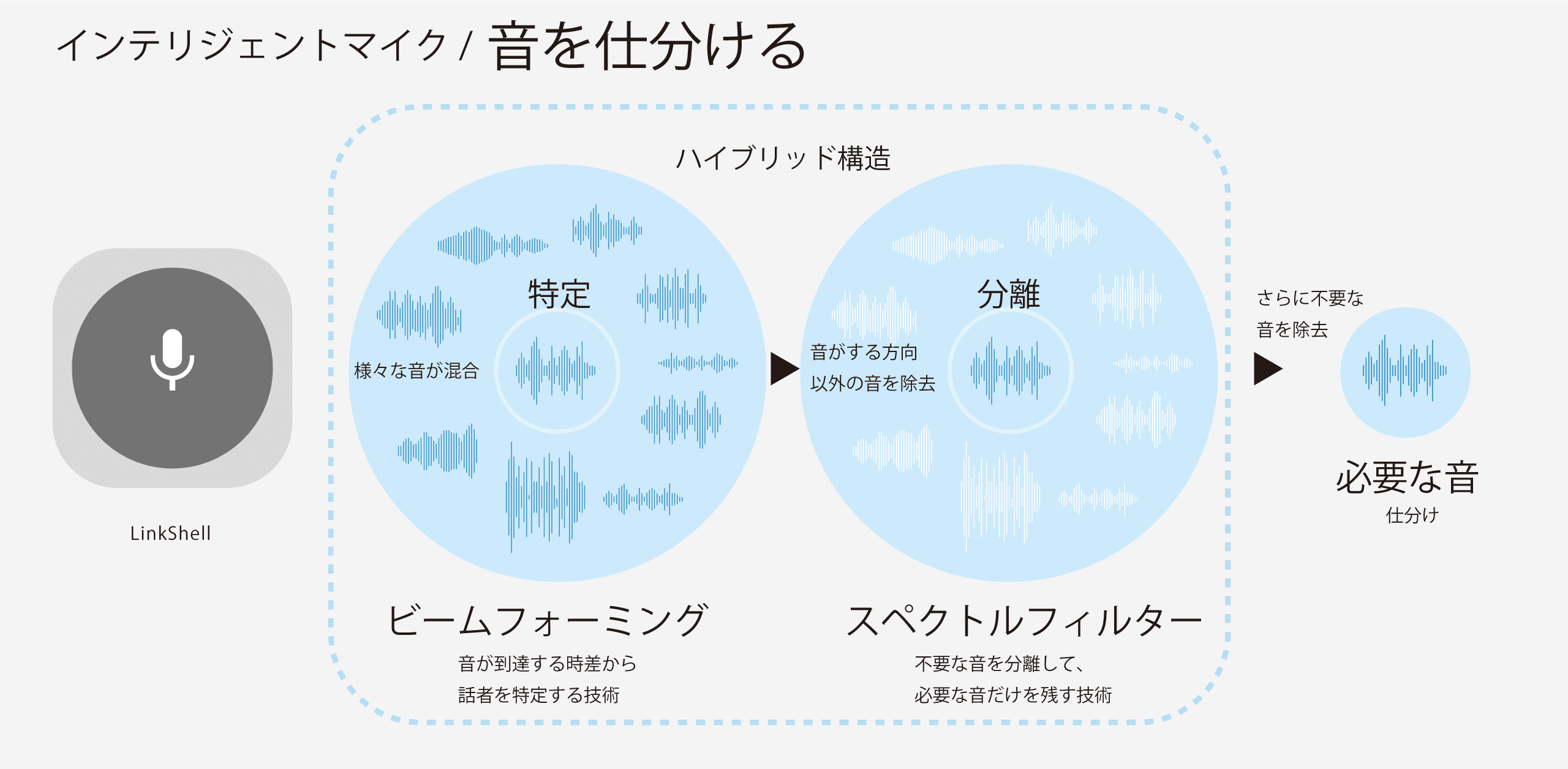 NTTの音の特許技術搭載、オンラインワークを最適に ビームマイク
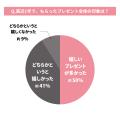 「ギフトの本音」に関する調査結果｜満足度9割の裏に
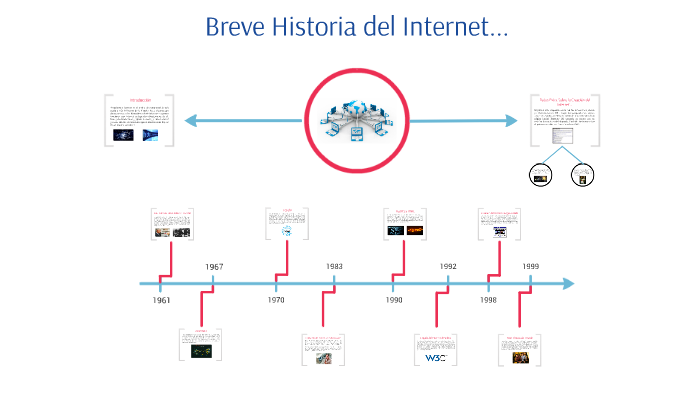 Breve Historia del Internet by Presentación OPV on Prezi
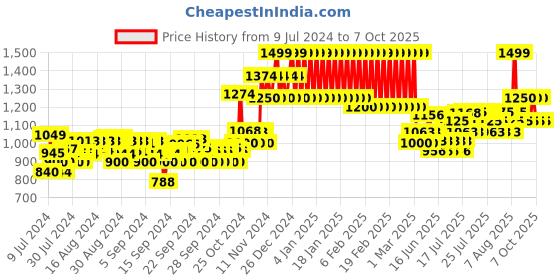 ajio.com mothercare Printed Dungarees with Top & Headband mothercare Price History Graph from 9 Jul 2024 to 7 Oct 2025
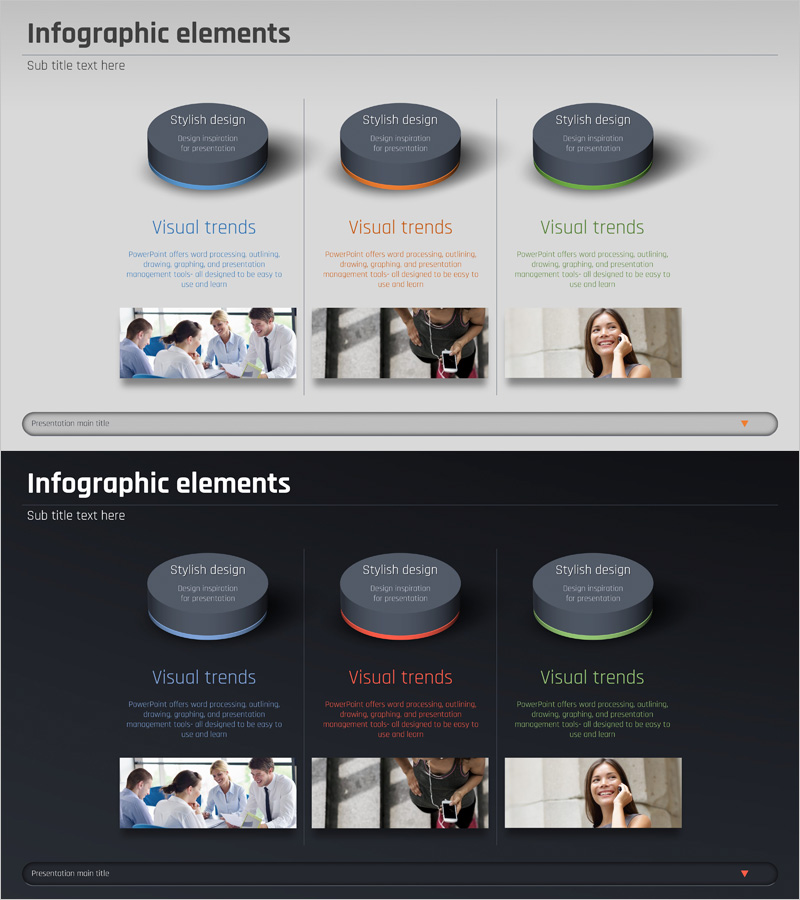 비즈니스 프로그램 폐쇄 다이어그램 - 사업 목표와 전략
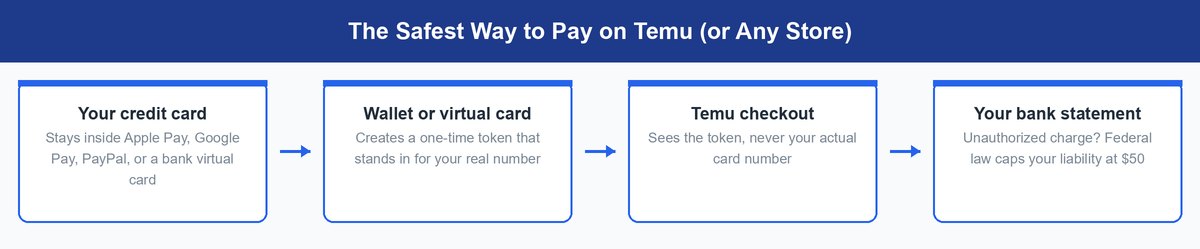 is temu legit
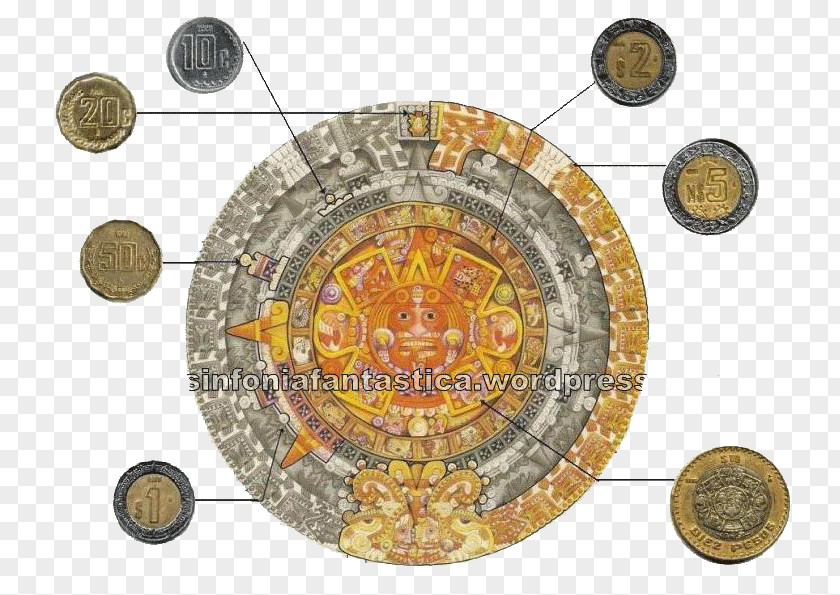 Symbol Aztec Calendar Stone Empire Maya Civilization Mayan Meaning PNG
————
Retype exactly the lines above, starting at the line containing "ajio.com mothercare Printed" and ending with the last line, both included; leave out the pictures.

### Exercise result
 ajio.com mothercare Printed Dungarees with Top & Headband mothercare Price History Graph from 9 Jul 2024 to 7 Oct 2025
 비즈니스 프로그램 폐쇄 다이어그램 - 사업 목표와 전략
 is temu legit
 Symbol Aztec Calendar Stone Empire Maya Civilization Mayan Meaning PNG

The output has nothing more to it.